My coach in college, Joe Reilly, would always give us the same speech before every road trip. One that detailed our commitment to the team, the program and the school. The word he always used was "ambassadors", that we were ambassadors of the school. While we by no means held an official state-appointed title, his intention was correct in calling us representatives of those entities because wherever we went, we would be remembered for the school we were from. If someone had never heard of our school, we would be the first impression and our coach made sure that this impression was a good one.

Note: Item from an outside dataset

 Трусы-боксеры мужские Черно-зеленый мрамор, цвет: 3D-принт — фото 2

During my trip through Europe I came across many unofficial ambassadors. The customs agent at the gate in Paris, the hostel front desk worker in Milan, the train conductor in Venice and many others. What these people may or may not have understood is that they were not just customs agents or train conductors but also someone's first impression of that country. They could be a reason a person develops a personal stereotype of a country. While most of my first impressions were pleasant, one in particular stands out to me. The hostel front desk clerk in Milan aptly named "Lucky." In the brief 10 minutes it took to check me in Lucky and I chatted about our back stories, I from the States living in Ireland, him from Egypt living in Milan. During this brief interaction I could tell that he was a good hearted and honest person. In an effort to lighten my travel bag I took out a bottle of wine and gave it to him. His response proved my notion true that he was a genuine man. Upon accepting the bottle, he looked at his computer, said "let me check something" and to my welcomed surprised bumped my reservation up to a huge private room with a balcony. After a long day of train delays and missed connections all it took was a welcoming face to make me realize the headache of travel was worth it. Lucky may have been from Egypt, but for me he was the first interaction in Italy and because of him Italy had started off on the right foot in my mind.

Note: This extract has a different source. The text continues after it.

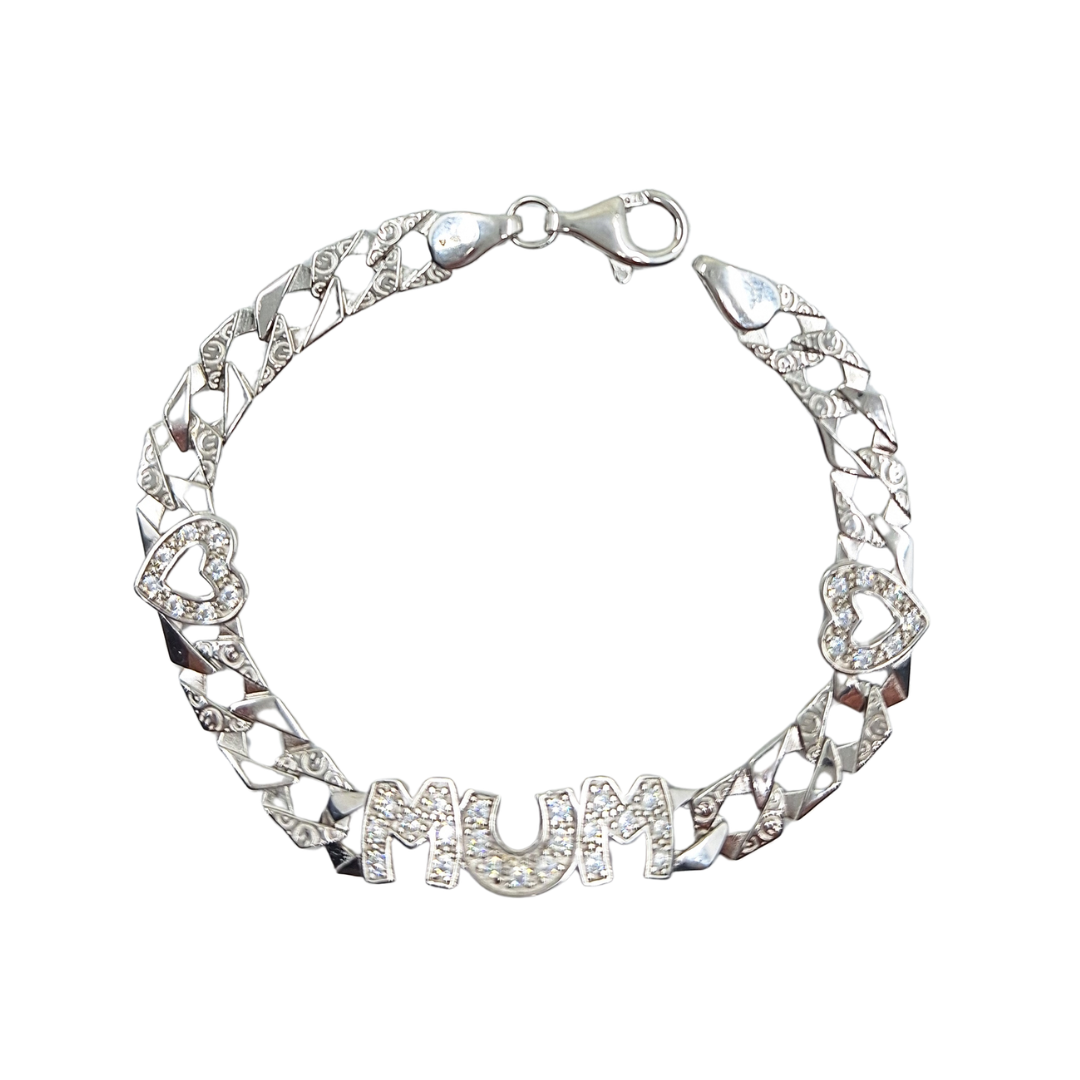 Silver Cubic Zirconia Heart Mum Bracelet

This is something I have noticed in my time away from the States. That many people have a certain perception or stereotype of Americans that is drawn from a few interactions with random people. Unfortunately that perception is often times not positive. So next time you tell someone where your from, or travel to a different place, know that you may be that persons first impression of your country, school, or religion, so make sure that that impression is a good one, cause you never know how it will be remembered.